But after some repetitive drills, the team starts to gel. Baker takes a pass and runs by a defender as if he were a plastic toy soldier. As he streaks down the sideline, you can hear him whispering, “Go, go, go.”

“Good job, Old Spice,” shouts Zack Test, a player with a rugby nose pointing in multiple directions. And for a moment you think that while the Eagles might not be the Michael Phelps of the Rio games, they will be a team to watch. They may even bring home a medal and force us to start taking rugby seriously.

Most national rugby teams come from homogenous societies. Team Fiji pulls from a country of just 900,000 people, and the bulk of a British team might come from five or six public schools. And if there’s truth to the old British line that the Battle of Waterloo was decided on the playing fields of Eton, then it was early forms of rugby that brought down Napoléon.

But this is America, and the Eagles are a discordant stew of Polynesian-Americans, British expatriates, California bros, and urban kids who once dreamed of being the next Carl Lewis.

In England, says coach Mike Friday, himself a Brit, there were two types of players, private-school and public-school kids, but they played the same. “You put them on a rugby pitch and they’re both rugby players,” Friday told a rugby website last year. “Here, you have a kid on a food ration and a middle-class kid who thinks he’s going to get dessert every night. You put them on the rugby pitch and you know which one is which.”

Isles was the one who didn’t get a meal, much less dessert. He and his twin sister were orphans, and until the age of eight, they ate what they could to survive in various group homes in Ohio. He didn’t learn to read or write until late, but he went on to attend Ashland University to run track. Isles’ 100-meter time would have qualified him for the 2012 London Olympics if he were from any country other than the U.S. But as it was, he fell behind dozens of other runners. He discovered rugby sevens on YouTube and thought, “What if I became the fastest rugby player in the world? Maybe that will fulfill my Olympic dream.”

He was living in Austin when he emailed the CEO of the American team. He asked to try out despite being a 145-pound waif of a man and having zero experience. The reply: Sure. Good athletes are at a premium in USA rugby.
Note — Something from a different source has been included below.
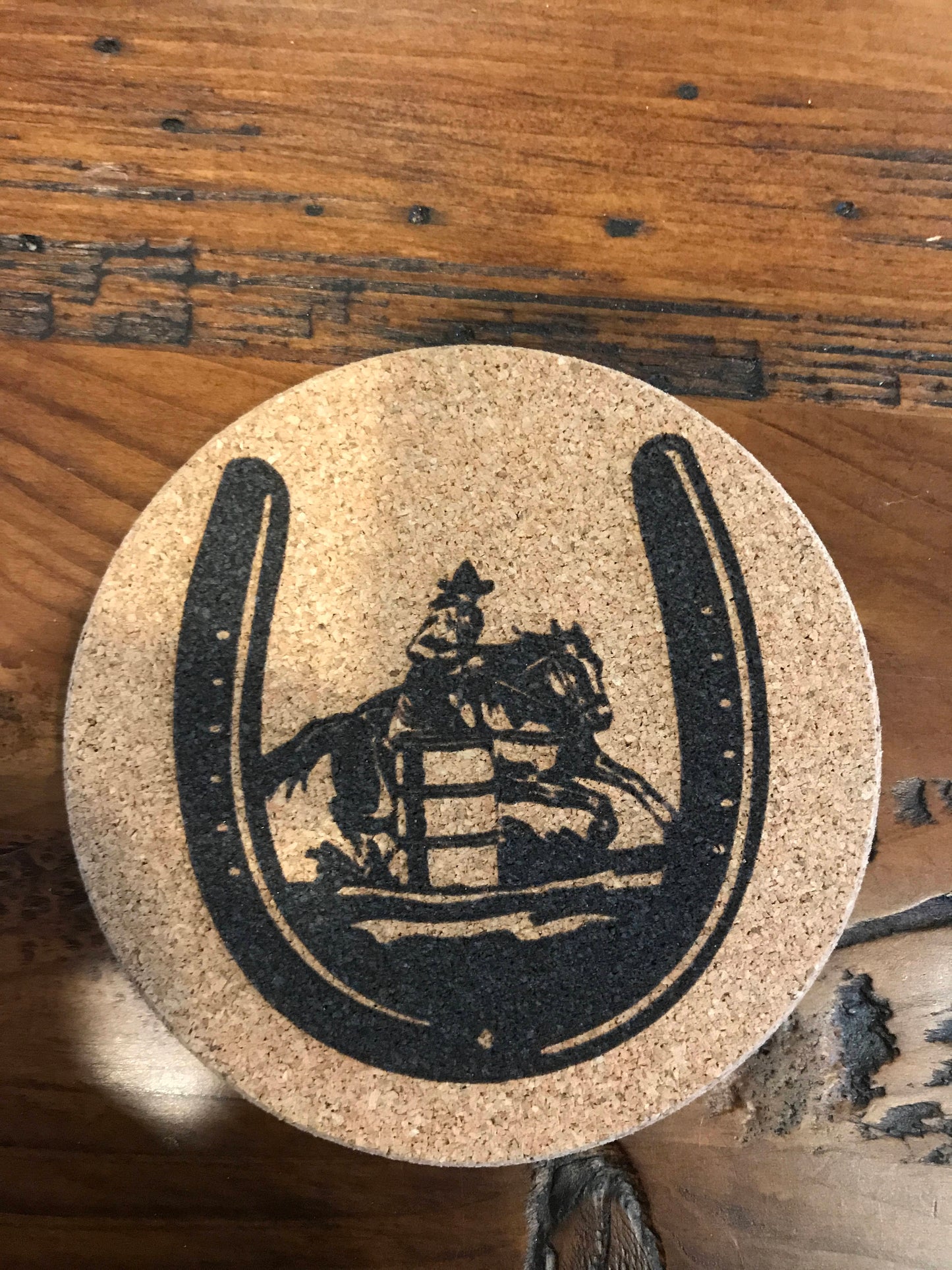 Horse in horse shoe Cork coaster laser engraved set of 4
The sport may be growing, but it has a long way to go before it can compete with football — or even soccer — for talent.

Isles cried all the way from Austin to Aspen, eating peanut butter sandwiches while wiping away tears. You probably would have cried, too. He was giving up his Olympic dream in sprinting for a sport he had never played. He had $500 to his name and a dim hope that his ragged Hyundai Sonata would make it through the mountains.
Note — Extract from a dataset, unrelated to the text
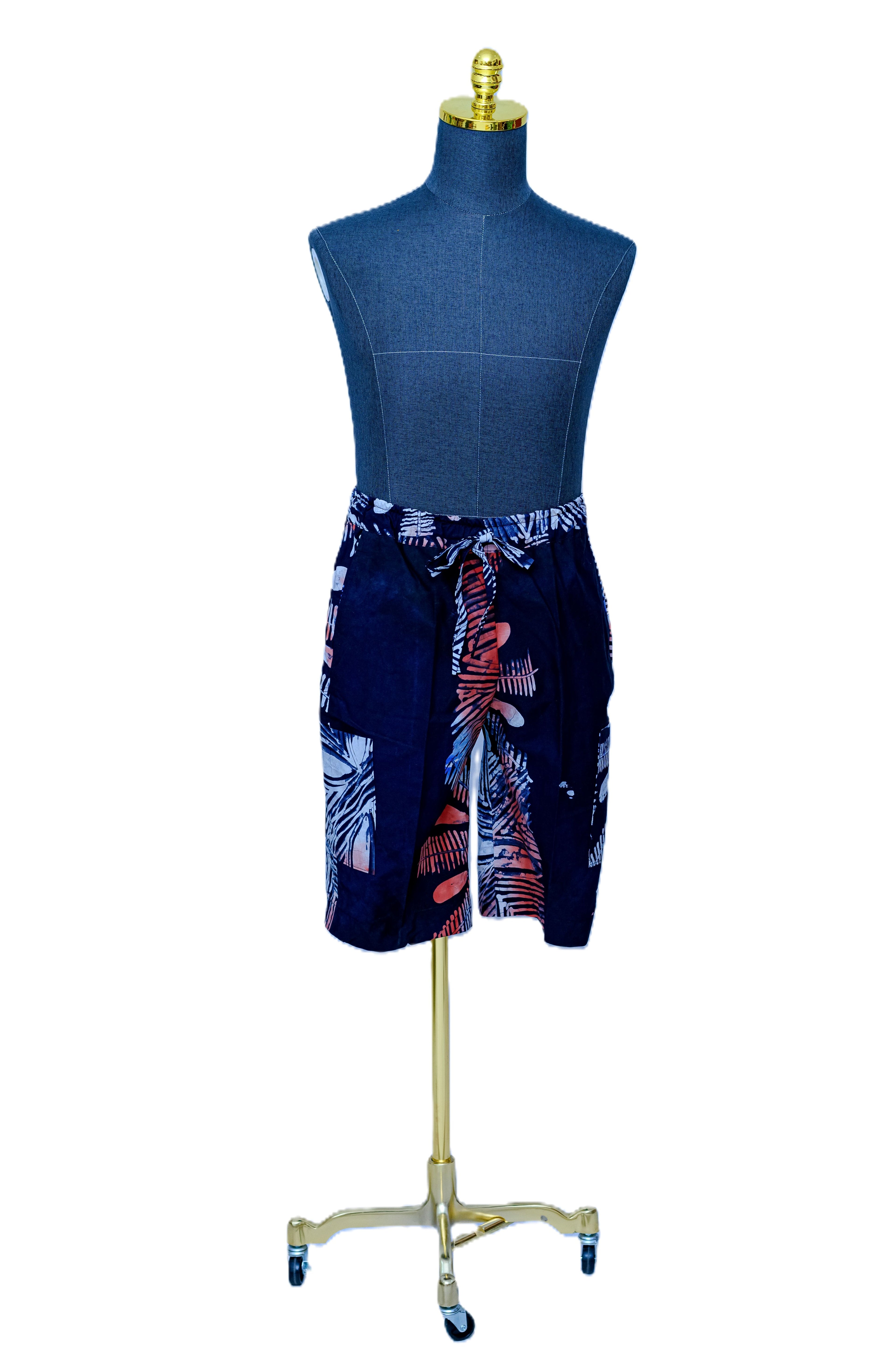 African Batik Men’s Shorts — Navy Patchwork Palm Frond & Zebra Print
That was four years ago. Isles is now one of the 10 best rugby sevens players in the U.S., which, depending on your viewpoint, is a testament to either the American spirit or the dearth of rugby talent in a nation of 300 million. Isles scored his first try against the All Blacks, New Zealand’s legendary squad, and the YouTube video “Carlin Isles — The Fastest Rugby Player Ever” has amassed over 850,000 views. There’s footage of him cradling the ball and streaking past Kiwis who seem stuck in superglue.

For the past month, Isles has been working through an ankle injury, but he should be healthy for Rio. In trying to imagine how it will feel to walk in the parade of athletes entering the Olympic Stadium on August 5, Isles says, “For me, it’s going to mean everything. All the sweat, tears, hard work. Everybody who doubted me.” He smiles and fingers his USA Rugby T-shirt. “At the end of the day, my dream came true and I’m here.”

“You got dicked in the dick,” says Pat Blair, a 220-pound Olympic hopeful, as he clamps his teammate on the shoulder. The poor guy is groaning over his aching privates. Bruised and nearly castrated, black, brown, and white, the Eagles look like an internment-camp version of a Benetton ad.

To bridge the cultural chasm and the experience gap, the team has participated in some of those dreaded team-building exercises. The most infamous of them is the 72-hour mostly sleepless walkabout in Joshua Tree, deep in the California desert, accompanied by former Navy SEALS. After being awake for more than 40 hours, the men were asked to climb up a small mountain in the winter black. A rope attached them, with two steps separating each player.

“You had to tell the guy in front of you, ‘There’s an incline, there’s a hole, watch out,’ ” says Hughes, the captain. With his square jaw and handsome face, he looks like an Abercrombie & Fitch model. “It really helped our communication on the field. You have to believe in each other.”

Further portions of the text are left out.